Com efeito, no caso sob análise, os factos e a prova analisados pela Comissão nos dois procedimentos eram exatamente os mesmos. Tendo a Comissão chegado a uma decisão sobre a qualificação legal dos factos em sede de procedimento de transação, enquadrando a prática como um acordo horizontal, parece difícil conceber que chegaria a conclusão diferente no âmbito do procedimento ordinário.

A Scania não negou deter, em teoria, as garantias e oportunidades consagradas pela lei para exercer os seus direitos, mas referiu que as mesmas eram inúteis, dado que a Comissão não estava numa posição imparcial para, simultaneamente, investigar, julgar e decidir, especialmente quando está em causa a adoção de dois procedimentos distintos para investigar a mesma prática.

A conciliação destes dois procedimentos é, pois, extremamente complexa, exigindo elevados cuidados e discrição por parte de qualquer autoridade da concorrência, dado que existem incentivos diferentes em cada um deles. Com efeito, o procedimento de transação assenta na celeridade e na discrição, podendo privilegiar-se a conclusão de um acordo em detrimento de uma investigação que apure de forma detalhada e exata todos os factos relevantes e o grau de participação de cada um dos visados, como sucederia numa decisão adotada no âmbito do procedimento ordinário.

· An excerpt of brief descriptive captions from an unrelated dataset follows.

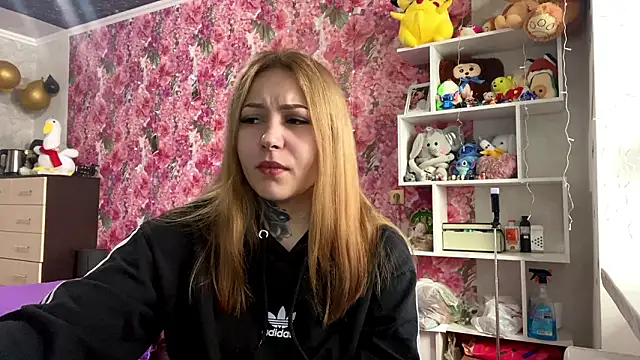 Snapshot of TraciBallena chatting on 02.11.26 TraciBallena online show from 02.11.26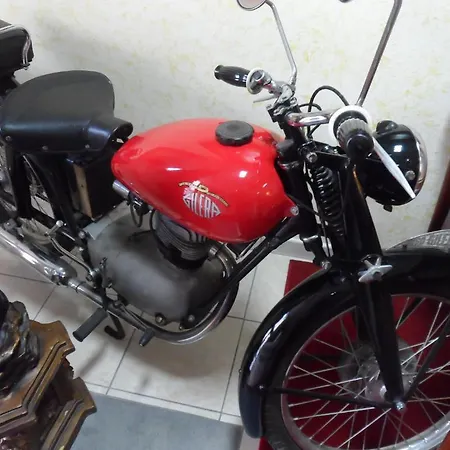 Hotel Fiumefreddo 3*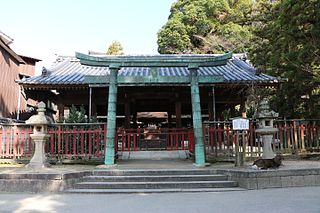 三翁神社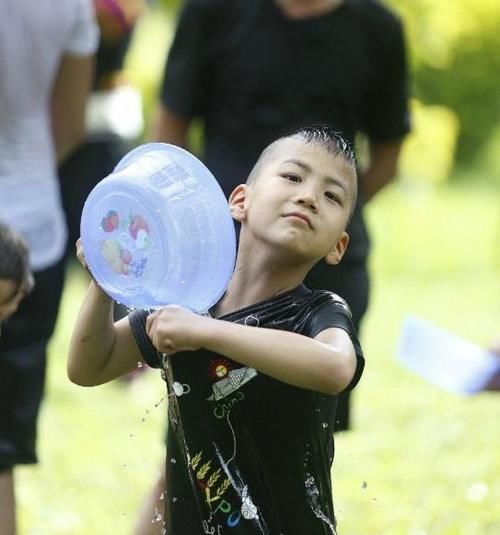 霸總|康康在《爸爸去哪兒》一出場就是“霸總”，其實他兒時也很可愛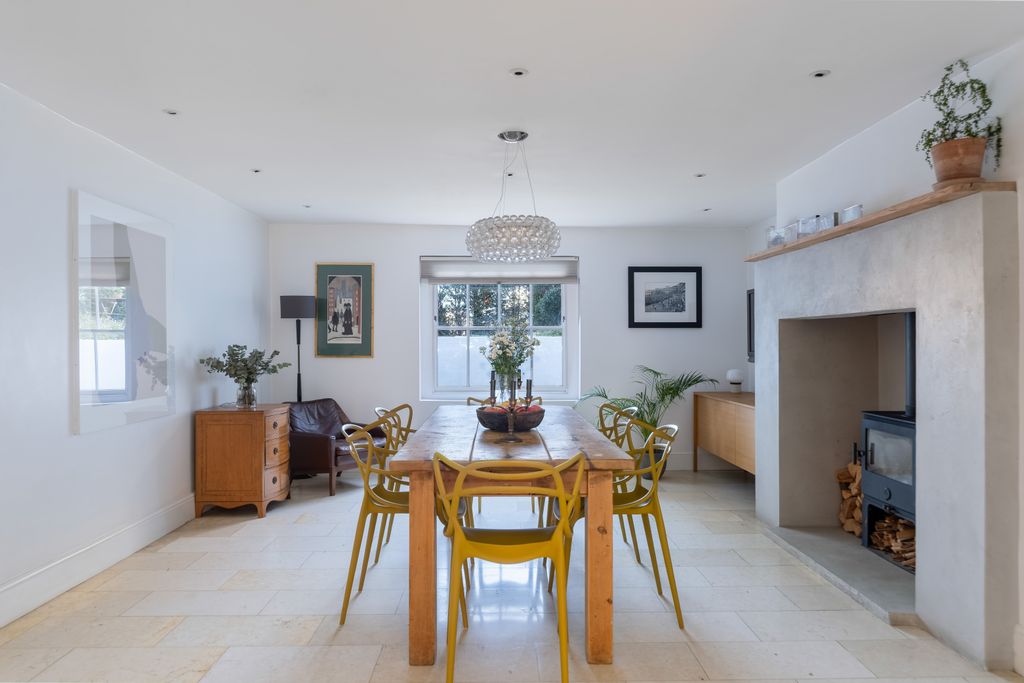 Property photo 3 of 30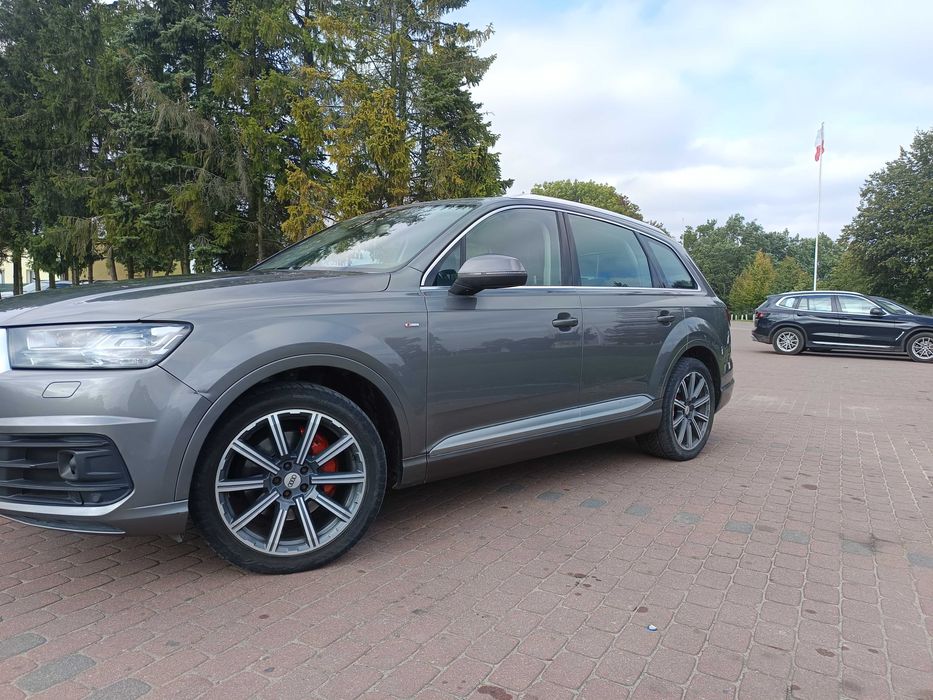Audi Q7 vat 23% brutto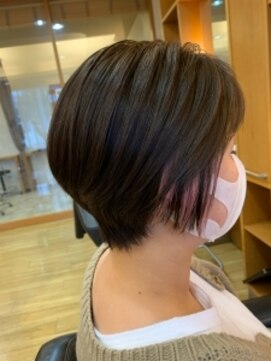 ペッツ(PETZ) 首元すっきりショートボブ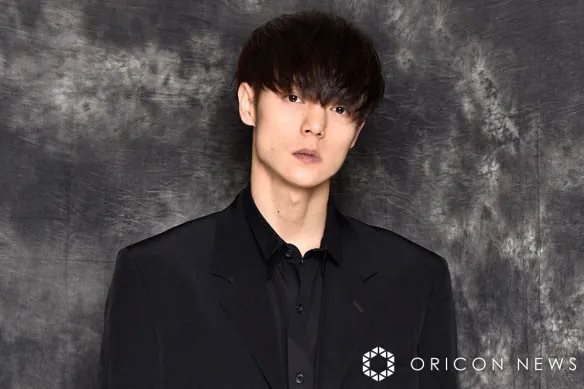 窪田正孝、タンクトップ姿で披露した鍛え抜かれた“筋肉美”に「凄い細マッチョ」「肩むっきむきえぐぅ」と反響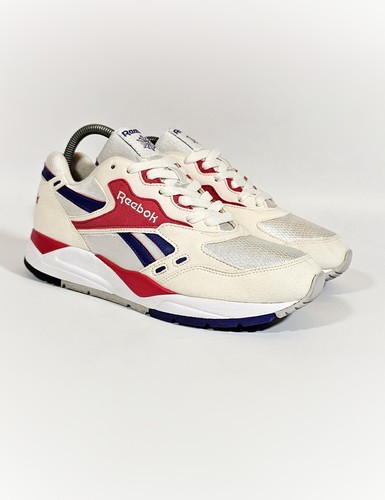 Reebok classic bolton - bolton, chalk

Apesar das garantias existentes, uma empresa visada numa investigação de um cartel em que já tenha havido transação entre a autoridade de concorrência e outras participantes no referido acordo, estará numa posição mais fragilizada do que estaria se o procedimento utilizado na investigação fosse o mesmo para todos os envolvidos. Por muitos recursos e equipas que as autoridades tenham ao seu dispor para garantir uma efetiva compartimentação de informação no decurso do processo, parece difícil negar que uma empresa que tenha de apresentar a sua defesa a uma autoridade que já investigou, negociou e acordou os termos e qualificação jurídica dos factos e da participação de outras envolvidas na mesma prática não enfrenta um plano algo inclinado.